One day I was clearing out some old papers and I came across this programming assignment from university. I can’t recall which of the problems I tackled at the time, after all it was twenty-five years ago, but glancing over it now the pentomino problem caught my eye
5 The Pentomino Problem There are twelve different (ie. non-congruent) pentominos, shown below left. The pentomino problem is to fit them into a tray of dimensions 6 x 10 without overlapping. Some of the 2339 possible solutions are shown below right. Write a program to find a solution to the pentomino problem. {Note. Pretty output is not required.)
Looking on Wikipedia it seems that the shapes have been named by Golomb so I’m going to use those names too.
I started out by creating some data structures to hold the definition of each pentomino.
So laying out on a x, y co-ordinate system I’m create a point_t structure containing values
typedef struct {
int x, y;
} point_t;
Any pentomino will have exactly five points
typedef struct {
point_t point[5]; /* 5 points in each */
} pentomino_t;
Considering the ‘F’ pentomino it may be rotated and reflected in different ways – a maximum of 8 different versions may exist. Some, such as ‘X’, only have one.
I have created a structure to hold the pentomino name along with a count of the number of unique rotations/reflections of the shape and an array to hold the co-ordinates
typedef struct {
char ch; /* name of the shape by letter */
int count; /* number of unique rotations */
pentomino_t rotation[8]; /* max of 4 possible rotations and then double for the mirrors */
} pentominoRotations_t;
The 6×10 board that we will try to place them on is as simple as this
char board[60];
The algorithm couldn’t be simpler really, take the first pentomino in the first rotation and put it on the board in the top left corner, if that works try the second pentomino in the second position in the first rotation and repeat. At each step check no parts of any pentomino are outside the board area and that nothing is on top of anything else. If it is, remove the last piece added and try to add it again in the next rotation. Based upon the assignment the key here is to recognise that this is a recursive algorithm – in pseudo code it looks like this
function calculate(pentomino p, board)
for each position on the board
for each pentomino rotation
let shape_ok = true
for each point in pentomino shape
if the co-ordinate is out of bound then shape_ok = false
if the board position is already used then shape_ok = false
next
if shape_ok is true then
draw the shape on the current board
if p < 12 then
calculate(p + 1, current board layout)
else
we have a solution!
next
next
Here is the first solution that it generates given the order of shapes as I have them
The big problem with this is it takes a very long time! The main reason for this is that it algorithm wastes masses of time trying to fit all 12 pieces in even when the early piece positions have given a board which can’t possibly be solved. In the example below there is no point trying to place the other 11 pentominos including all their rotations when there is an isolated single square.

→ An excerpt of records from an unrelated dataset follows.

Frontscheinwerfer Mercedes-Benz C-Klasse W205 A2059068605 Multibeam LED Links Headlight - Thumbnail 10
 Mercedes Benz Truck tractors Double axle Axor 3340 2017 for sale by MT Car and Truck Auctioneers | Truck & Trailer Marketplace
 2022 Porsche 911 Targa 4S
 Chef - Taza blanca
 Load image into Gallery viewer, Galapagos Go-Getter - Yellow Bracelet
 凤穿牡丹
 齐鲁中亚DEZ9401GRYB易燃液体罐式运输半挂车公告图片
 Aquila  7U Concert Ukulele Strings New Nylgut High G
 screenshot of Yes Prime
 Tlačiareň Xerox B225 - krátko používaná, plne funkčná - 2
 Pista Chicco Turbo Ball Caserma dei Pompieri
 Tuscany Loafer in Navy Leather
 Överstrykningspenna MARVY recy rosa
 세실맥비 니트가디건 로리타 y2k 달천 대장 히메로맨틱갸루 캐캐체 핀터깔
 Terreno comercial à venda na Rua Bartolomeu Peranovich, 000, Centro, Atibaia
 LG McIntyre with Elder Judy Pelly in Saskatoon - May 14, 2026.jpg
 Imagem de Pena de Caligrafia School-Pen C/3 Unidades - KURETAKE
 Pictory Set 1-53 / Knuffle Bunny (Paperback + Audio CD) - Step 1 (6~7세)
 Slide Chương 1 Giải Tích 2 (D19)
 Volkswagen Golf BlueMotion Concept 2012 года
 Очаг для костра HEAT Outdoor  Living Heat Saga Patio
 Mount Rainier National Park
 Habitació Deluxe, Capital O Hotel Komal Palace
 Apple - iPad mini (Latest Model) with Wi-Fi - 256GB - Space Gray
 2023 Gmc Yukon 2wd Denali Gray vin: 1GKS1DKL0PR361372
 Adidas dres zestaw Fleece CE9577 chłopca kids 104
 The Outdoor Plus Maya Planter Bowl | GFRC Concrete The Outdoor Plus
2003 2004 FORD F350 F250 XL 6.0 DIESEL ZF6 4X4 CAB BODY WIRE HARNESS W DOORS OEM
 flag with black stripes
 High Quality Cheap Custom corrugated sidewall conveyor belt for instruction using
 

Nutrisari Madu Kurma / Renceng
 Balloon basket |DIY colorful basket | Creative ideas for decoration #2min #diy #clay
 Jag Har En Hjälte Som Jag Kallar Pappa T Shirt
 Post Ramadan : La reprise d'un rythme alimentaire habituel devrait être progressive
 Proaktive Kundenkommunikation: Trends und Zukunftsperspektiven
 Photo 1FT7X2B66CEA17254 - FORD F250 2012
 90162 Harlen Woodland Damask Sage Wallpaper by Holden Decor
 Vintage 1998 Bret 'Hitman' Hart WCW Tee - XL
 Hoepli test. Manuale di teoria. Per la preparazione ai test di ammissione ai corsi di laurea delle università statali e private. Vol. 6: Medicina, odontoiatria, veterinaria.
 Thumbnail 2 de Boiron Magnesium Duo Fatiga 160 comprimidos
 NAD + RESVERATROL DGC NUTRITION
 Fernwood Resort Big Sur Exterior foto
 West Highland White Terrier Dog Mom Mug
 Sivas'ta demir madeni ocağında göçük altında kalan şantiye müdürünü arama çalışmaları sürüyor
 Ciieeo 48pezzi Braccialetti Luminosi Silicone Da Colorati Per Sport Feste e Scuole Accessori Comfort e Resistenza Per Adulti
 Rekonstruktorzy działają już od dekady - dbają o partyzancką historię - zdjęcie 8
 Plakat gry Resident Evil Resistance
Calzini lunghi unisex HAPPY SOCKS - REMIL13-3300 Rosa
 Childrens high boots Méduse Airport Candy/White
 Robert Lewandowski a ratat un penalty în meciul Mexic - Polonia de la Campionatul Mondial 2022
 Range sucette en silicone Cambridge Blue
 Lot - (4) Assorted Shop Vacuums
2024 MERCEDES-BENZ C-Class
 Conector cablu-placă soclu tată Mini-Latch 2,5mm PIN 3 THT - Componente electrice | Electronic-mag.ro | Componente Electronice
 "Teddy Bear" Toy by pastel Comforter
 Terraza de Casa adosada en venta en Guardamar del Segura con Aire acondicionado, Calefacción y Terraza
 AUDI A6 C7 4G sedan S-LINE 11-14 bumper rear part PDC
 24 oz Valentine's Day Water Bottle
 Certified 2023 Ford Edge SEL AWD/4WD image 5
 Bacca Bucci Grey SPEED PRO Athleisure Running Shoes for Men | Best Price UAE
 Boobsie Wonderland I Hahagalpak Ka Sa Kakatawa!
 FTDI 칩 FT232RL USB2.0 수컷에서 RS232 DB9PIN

My initial solution to this is to add a check after drawing the shape to look for regions which have an area of less than 5. However this can extended to check for regions that have areas which are not multiples of 5 as clearly all pentominos have an area of 5!
Take a look at the example below. This has two regions, on the left the area is 13 and on the right the area is 22. This is can’t be solved as we will never be able to pack objects with an area of 5 into a region of area 13.
I was quite surprised how easy it was to calculate the area of the regions. I’ve always thought that the fill/flood tools on paint programs were cool and here we are just doing the same thing. Here’s some pseudo code to explain it. I presume I’d get twice the marks for this assignment for having two recursive functions!
Create a copy of the board
Loop through all squares on the board
if the square is empty
call the flood function with starting at these co-ordinates
if the returned value modulus 5 is not zero then the board cannot be solved
function flood(start co-ordinates)
let r = 1 and for that to be the size of the region
mark the current co-ordinate position as filled
if the square to the left is empty then call the flood function with those co-ordinates and add the returned value to r
if the square to the right is empty then call the flood function with those co-ordinates and add the returned value to r
if the square above is empty then call the flood function with those co-ordinates and add the returned value to r
if the square below is empty then call the flood function with those co-ordinates and add the returned value to r
return r
If you let these run to completion you find that you have 9356 solutions – exactly 4 times the number we should. This is because the board has rotation symmetry and both vertical and horizontal symmetry. We could check each solution against the ones already created for possible duplicates but we could also amend the algorithm so at the first level we only consider start position in the first quarter of the board.
With this amended algorithm my average computer produced all 2339 solutions in around twenty minutes.